**Data for processing:**
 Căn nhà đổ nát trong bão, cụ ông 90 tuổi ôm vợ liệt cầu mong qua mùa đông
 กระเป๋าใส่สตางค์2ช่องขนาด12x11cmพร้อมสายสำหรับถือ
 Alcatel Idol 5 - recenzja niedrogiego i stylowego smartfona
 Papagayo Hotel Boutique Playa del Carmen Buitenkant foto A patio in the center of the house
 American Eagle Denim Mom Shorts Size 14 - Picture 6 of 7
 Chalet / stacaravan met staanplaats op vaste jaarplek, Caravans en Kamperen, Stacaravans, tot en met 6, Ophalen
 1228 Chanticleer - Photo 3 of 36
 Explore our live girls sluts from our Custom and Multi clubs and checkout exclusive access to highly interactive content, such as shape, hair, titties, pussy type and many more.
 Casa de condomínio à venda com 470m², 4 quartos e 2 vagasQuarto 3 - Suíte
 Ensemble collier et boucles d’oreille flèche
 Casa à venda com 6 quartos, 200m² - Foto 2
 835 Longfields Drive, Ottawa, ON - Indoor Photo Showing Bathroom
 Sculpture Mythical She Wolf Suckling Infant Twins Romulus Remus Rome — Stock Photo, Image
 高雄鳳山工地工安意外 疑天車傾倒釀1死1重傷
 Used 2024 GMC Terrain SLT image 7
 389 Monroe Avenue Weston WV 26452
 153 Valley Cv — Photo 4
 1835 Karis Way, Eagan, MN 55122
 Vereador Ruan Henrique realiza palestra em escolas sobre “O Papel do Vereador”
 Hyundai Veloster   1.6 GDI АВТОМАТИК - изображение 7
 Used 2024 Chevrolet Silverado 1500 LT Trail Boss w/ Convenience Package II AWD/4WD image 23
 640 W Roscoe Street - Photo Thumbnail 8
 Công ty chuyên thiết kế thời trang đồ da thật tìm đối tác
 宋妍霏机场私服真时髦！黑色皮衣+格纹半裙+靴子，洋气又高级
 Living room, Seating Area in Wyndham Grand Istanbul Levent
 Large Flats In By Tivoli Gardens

**Description of the task:**
Go to the line containing "Công ty chuyên" in the listing. Print it and every line through the last one, exactly and with nothing more.

**Solution for this task:**
 Công ty chuyên thiết kế thời trang đồ da thật tìm đối tác
 宋妍霏机场私服真时髦！黑色皮衣+格纹半裙+靴子，洋气又高级
 Living room, Seating Area in Wyndham Grand Istanbul Levent
 Large Flats In By Tivoli Gardens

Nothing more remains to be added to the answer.